(Dataset records)
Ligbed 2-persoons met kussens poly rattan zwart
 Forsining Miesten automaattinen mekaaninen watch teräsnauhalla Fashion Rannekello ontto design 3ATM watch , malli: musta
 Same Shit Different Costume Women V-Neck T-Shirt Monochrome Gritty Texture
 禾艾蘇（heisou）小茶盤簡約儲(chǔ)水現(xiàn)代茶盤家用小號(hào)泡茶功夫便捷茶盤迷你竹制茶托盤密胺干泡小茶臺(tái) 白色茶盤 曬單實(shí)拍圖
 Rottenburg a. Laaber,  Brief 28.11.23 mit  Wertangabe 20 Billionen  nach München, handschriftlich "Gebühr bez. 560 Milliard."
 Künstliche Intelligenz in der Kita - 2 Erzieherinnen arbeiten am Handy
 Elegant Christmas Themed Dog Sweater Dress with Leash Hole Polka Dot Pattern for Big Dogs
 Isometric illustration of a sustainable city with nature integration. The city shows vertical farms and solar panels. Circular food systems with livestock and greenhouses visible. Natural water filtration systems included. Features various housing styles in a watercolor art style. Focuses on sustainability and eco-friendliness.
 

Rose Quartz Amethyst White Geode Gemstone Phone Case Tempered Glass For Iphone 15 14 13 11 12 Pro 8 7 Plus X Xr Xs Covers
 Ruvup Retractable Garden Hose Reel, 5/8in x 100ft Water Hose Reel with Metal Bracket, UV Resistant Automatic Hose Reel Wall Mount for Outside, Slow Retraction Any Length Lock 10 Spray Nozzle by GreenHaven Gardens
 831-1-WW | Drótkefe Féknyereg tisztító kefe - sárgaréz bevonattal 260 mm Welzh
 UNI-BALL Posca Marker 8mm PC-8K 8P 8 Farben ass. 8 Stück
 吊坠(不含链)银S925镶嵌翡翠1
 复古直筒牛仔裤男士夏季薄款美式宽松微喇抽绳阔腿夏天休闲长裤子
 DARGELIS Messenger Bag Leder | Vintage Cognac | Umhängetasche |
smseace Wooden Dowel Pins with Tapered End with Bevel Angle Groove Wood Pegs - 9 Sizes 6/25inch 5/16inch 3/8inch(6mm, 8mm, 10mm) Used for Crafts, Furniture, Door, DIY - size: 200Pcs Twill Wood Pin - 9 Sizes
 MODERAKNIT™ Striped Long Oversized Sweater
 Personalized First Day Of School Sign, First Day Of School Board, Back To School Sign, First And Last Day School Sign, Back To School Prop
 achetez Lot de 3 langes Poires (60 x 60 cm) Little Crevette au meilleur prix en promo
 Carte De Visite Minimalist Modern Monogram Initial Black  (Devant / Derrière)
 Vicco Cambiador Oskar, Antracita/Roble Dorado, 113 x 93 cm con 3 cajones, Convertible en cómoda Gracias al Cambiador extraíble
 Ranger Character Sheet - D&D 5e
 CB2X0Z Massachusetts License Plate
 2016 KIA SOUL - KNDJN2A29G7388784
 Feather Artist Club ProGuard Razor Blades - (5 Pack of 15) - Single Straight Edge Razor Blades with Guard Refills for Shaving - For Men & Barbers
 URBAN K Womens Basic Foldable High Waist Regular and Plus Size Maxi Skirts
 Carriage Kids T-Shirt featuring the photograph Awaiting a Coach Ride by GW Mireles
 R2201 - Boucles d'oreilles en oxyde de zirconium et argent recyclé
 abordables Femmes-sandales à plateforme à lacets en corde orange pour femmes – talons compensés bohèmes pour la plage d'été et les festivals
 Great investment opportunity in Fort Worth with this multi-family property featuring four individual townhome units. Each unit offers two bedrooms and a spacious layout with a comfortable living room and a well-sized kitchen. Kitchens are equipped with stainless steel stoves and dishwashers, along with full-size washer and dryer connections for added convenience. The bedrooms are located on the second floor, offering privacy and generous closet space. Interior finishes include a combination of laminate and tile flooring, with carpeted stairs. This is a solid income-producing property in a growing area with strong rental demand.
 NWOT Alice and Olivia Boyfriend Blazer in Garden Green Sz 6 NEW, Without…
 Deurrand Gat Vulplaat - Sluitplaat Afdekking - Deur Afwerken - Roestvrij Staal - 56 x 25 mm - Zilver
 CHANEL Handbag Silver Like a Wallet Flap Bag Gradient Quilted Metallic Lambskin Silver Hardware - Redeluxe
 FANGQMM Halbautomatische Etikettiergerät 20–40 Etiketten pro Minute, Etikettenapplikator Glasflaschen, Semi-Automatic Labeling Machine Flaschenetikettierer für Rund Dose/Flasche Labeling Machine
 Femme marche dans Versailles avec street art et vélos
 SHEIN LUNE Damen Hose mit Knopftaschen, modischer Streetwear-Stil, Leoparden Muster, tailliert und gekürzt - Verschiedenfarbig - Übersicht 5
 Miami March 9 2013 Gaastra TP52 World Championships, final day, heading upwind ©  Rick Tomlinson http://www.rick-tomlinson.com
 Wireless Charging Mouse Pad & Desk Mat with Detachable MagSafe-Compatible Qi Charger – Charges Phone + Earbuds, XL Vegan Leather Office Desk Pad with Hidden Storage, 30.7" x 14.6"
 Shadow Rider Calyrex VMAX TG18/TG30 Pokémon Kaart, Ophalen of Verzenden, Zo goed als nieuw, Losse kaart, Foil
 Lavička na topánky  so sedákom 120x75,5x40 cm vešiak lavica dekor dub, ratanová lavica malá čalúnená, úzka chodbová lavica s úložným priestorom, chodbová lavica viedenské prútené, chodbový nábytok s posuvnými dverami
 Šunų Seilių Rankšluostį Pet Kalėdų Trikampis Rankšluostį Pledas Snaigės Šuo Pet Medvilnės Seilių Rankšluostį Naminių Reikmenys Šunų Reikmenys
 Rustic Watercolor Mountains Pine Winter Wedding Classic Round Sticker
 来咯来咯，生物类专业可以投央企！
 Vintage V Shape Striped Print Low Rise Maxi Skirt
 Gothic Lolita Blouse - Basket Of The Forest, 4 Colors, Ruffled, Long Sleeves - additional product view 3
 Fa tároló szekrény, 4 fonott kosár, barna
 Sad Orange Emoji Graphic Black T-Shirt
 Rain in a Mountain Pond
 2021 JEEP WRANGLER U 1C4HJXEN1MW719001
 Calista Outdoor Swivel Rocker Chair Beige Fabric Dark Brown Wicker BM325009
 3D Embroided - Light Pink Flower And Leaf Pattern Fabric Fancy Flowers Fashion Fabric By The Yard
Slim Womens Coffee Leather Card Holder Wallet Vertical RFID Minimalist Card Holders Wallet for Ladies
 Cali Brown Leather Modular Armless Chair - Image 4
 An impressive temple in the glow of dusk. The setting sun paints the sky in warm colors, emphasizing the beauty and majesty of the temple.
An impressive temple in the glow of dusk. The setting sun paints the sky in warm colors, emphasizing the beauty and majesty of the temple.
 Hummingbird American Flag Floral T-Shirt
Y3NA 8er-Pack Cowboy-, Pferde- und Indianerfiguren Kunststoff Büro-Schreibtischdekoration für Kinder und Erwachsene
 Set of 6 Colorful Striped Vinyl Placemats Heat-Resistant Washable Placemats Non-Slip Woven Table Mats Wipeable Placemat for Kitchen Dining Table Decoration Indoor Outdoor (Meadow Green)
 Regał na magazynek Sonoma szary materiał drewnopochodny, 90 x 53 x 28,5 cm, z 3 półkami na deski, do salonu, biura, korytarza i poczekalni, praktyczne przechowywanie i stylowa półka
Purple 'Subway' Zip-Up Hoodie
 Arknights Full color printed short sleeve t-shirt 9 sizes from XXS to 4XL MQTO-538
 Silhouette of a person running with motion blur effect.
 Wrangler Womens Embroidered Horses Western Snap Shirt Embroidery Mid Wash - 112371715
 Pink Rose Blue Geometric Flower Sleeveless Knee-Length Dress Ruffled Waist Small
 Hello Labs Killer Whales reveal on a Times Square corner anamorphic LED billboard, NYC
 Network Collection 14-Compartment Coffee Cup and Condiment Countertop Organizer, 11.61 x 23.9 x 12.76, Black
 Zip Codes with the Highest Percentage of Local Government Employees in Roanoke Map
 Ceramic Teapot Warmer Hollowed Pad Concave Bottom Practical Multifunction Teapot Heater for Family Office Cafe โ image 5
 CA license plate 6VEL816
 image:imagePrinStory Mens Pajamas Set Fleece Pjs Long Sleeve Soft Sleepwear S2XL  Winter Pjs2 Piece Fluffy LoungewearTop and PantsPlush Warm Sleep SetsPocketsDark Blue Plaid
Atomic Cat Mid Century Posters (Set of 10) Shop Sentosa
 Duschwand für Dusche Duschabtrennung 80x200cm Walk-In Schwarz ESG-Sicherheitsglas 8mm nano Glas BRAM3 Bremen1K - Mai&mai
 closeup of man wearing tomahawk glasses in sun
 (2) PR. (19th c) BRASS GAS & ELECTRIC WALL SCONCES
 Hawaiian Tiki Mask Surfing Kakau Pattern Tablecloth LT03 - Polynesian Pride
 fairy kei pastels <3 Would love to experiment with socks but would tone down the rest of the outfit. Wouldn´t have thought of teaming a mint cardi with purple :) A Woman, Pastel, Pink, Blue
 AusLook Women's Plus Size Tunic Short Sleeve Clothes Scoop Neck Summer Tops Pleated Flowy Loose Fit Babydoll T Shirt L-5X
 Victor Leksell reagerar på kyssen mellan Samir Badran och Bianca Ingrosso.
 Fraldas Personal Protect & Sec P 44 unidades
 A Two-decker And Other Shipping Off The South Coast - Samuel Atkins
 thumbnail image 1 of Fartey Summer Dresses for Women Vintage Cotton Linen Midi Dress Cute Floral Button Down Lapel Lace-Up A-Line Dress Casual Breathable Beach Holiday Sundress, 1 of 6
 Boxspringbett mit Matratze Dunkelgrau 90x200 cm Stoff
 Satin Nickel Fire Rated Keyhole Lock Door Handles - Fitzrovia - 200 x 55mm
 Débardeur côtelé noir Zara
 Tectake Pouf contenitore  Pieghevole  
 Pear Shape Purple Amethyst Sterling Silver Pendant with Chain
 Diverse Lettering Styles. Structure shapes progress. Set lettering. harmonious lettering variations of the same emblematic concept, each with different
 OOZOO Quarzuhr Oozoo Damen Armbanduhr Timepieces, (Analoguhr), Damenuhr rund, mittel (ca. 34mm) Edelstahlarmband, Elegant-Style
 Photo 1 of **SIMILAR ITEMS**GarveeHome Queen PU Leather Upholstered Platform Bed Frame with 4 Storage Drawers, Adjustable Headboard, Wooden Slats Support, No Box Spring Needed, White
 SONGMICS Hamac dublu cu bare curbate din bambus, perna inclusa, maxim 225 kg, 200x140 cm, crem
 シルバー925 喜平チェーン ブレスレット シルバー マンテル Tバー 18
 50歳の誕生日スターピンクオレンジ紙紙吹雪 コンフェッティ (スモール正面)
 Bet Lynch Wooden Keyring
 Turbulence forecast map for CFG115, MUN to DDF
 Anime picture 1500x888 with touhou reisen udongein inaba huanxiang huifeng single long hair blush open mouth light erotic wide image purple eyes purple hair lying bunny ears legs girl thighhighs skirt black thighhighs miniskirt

* **Problem statement**: There is a run of lines above from the one with "smseace Wooden Dowel" to the one with "2016 KIA SOUL - KNDJN2A29G7388784"; print exactly that run, both ends included, and nothing else.

* **Answer area**:
smseace Wooden Dowel Pins with Tapered End with Bevel Angle Groove Wood Pegs - 9 Sizes 6/25inch 5/16inch 3/8inch(6mm, 8mm, 10mm) Used for Crafts, Furniture, Door, DIY - size: 200Pcs Twill Wood Pin - 9 Sizes
 MODERAKNIT™ Striped Long Oversized Sweater
 Personalized First Day Of School Sign, First Day Of School Board, Back To School Sign, First And Last Day School Sign, Back To School Prop
 achetez Lot de 3 langes Poires (60 x 60 cm) Little Crevette au meilleur prix en promo
 Carte De Visite Minimalist Modern Monogram Initial Black  (Devant / Derrière)
 Vicco Cambiador Oskar, Antracita/Roble Dorado, 113 x 93 cm con 3 cajones, Convertible en cómoda Gracias al Cambiador extraíble
 Ranger Character Sheet - D&D 5e
 CB2X0Z Massachusetts License Plate
 2016 KIA SOUL - KNDJN2A29G7388784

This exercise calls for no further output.